An Irishman's Diary

During the season to be merry those essential communicators between government and governed, the political correspondents, will…

During the season to be merry those essential communicators between government and governed, the political correspondents, will have downed the occasional toast in the party rooms and ministers' offices and will even have broken bread with the Taoiseach.

Such innocent carousing is not unique to Dublin. When I was a member of the scribbling pack in the Mother of Parliaments at Westminster my favourite party-giver was Harold Macmillan, the Tory leader who won the 1959 British general election campaign on the back of the slogan, "You've never had it so good". He was a jovial and friendly man and every Christmas during his premiership he invited the members of the lobby to a party at No.10 Downing Street.

Officers and gentlemen

Membership of the lobby was confined to political correspondents who worked for daily newspapers and broadcasting organisations within the United Kingdom. It was presumed that, being British, they could be relied upon to behave like officers and gentlemen.

READ MORE

In Macmillan's case the presumption paid dividends. It was well known that his wife, Lady Dorothy, was engaged in a long-standing affair with one of the Prime Minister's backbenchers, Bob Boothby, but no one ever wrote about it. Such matters were treated as private tittle-tattle in the lobby and were not deemed fit to be shared with the paper-buying public.

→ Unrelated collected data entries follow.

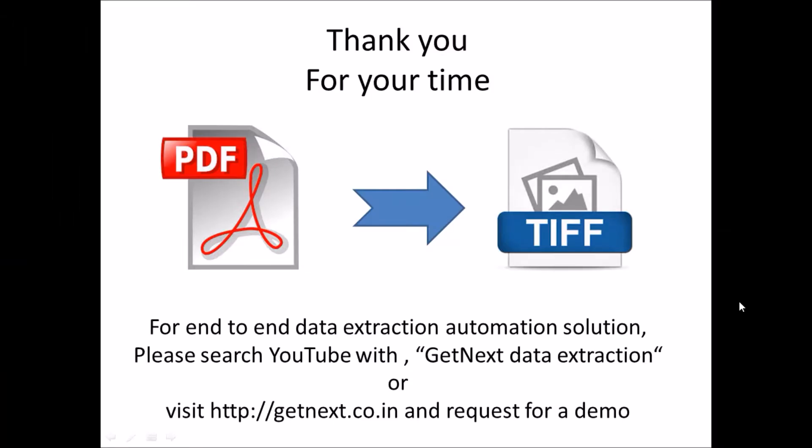Thank you for your time. For end-to-end data extraction automation solution, please search YouTube with getnext data extraction or visit http getnext.co.in and request for a demo.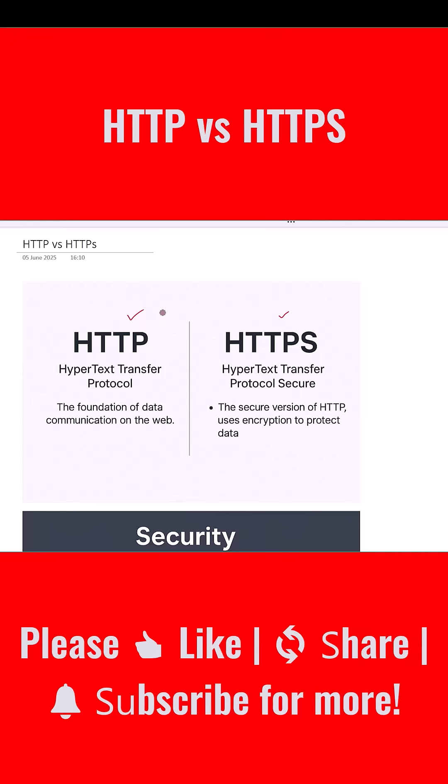HTTP stands for Hypertext Transfer Protocol. It is the foundation of data communication on the web. It defines how messages are formatted and transmitted between a web browser and a web server.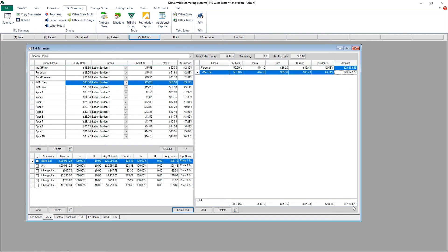On the bottom right, I'll see the total labor cost for the job. This number will automatically populate on my top sheet.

It was in this environment of cloistered camaraderie that one of Macmillan's aides could confidently tell the story of the risqué exchange between the Prime Minister and President John F. Kennedy over dinner in Downing Street. The President confided in Macmillan that he got a headache if he did not have sex once a day. "Sex once a day!" retorted Macmillan. "My dear chap, the very thought of it would give me a headache."

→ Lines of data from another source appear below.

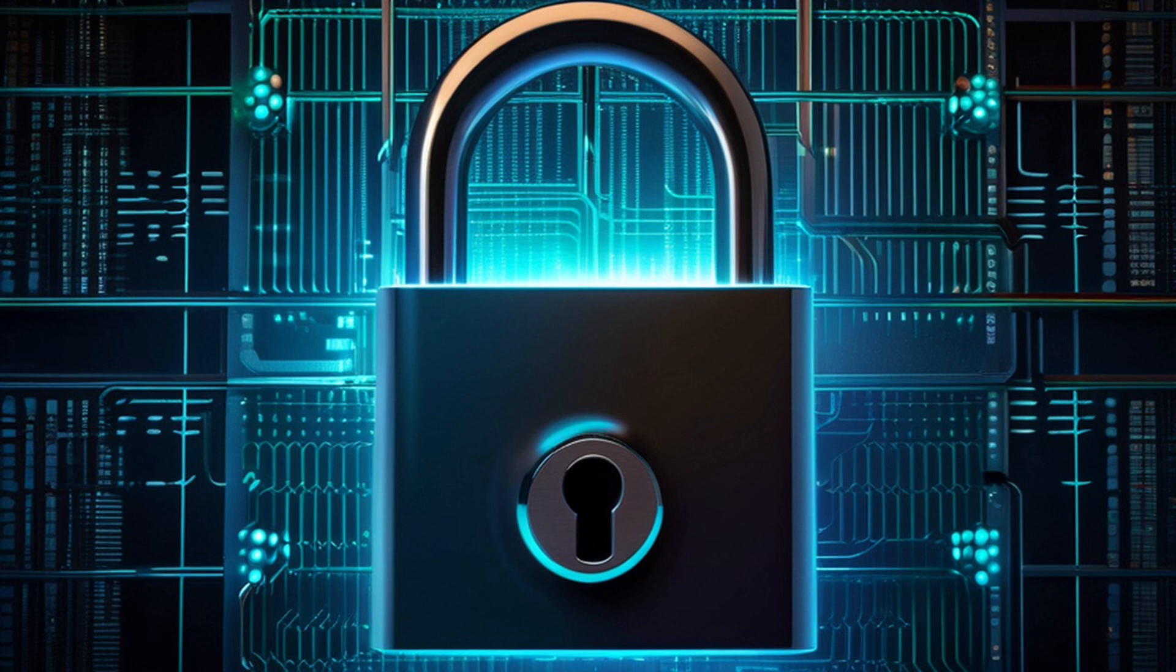As technology evolves, questions arise: how much access do we give AI to our personal information?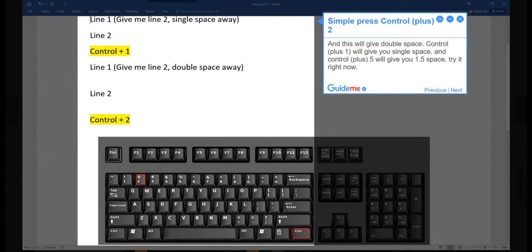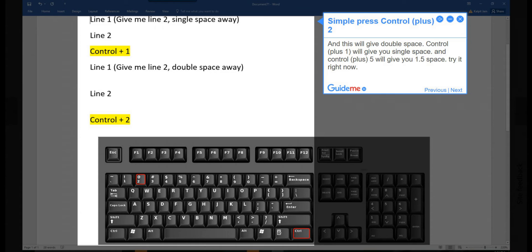Step 1, simply press Ctrl+2 and this will give double space. Ctrl+1 will give you single space, and Ctrl+5 will give you 1.5 space. Try it right now.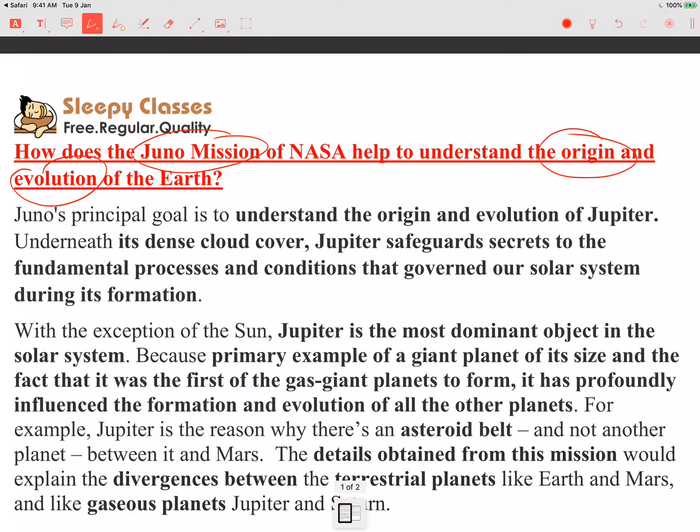Hello friends, in today's MAD question we will discuss the Juno mission. This question has also come in UPSC: How does the Juno mission of NASA help to understand the origin and evolution of the Earth? First of all, you should know about the Juno mission — J for Juno, J for Jupiter — remember it in the context of Jupiter.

Macmillan, who had observed at first hand the grinding hardship and mass unemployment of North-East England when he was elected MP for Stockton in 1924, liked to boast of his own humble origins. He was a scion of the Macmillan publishing house, founded in 1843 by the Scots Daniel and Alexander Macmillan.

At one Christmas party in Downing Street he was outlining (not for the first time) to a group of us the family's doughty progress from highland croft to international publishing. Emboldened by the prime minister's generous hospitality, a Welsh colleague and myself broke one of the lobby's unwritten rules (don't argue with your betters) and expressed some scepticism about the degree of the family's highland degradation so touchingly described by our host.

Not amused

The prime minister was not amused. He led us out of the reception and took us to his private study. Switching on the lights, he pointed triumphantly at a small, framed photograph on the wall. It showed a tiny, single-storey habitation standing on what appeared to be a bit of bedraggled bogland. "There," he shouted, "Look at it. That's my grandfather's croft."

I doubt if one of Macmillan's predecessors in Downing Street, Clement Attlee, gave Christmas parties for the lobby. He was in the Lords when I arrived at Westminster. A small, frail figure, he travelled to the House every day on the Underground. He was a genuinely modest man (his old antagonist, Winston Churchill, said he had a lot to be modest about). I had occasion to ring him at times. He retained no staff. The phone would be lifted and a chirpy voice would announce: "Attlee speaking." It was difficult to believe that this self-effacing man had defeated Churchill in the general election immediately after the second World War and had gone on to lead a ravaged country to some measure of prosperity, nationalising large sectors of industry and introducing the national health service.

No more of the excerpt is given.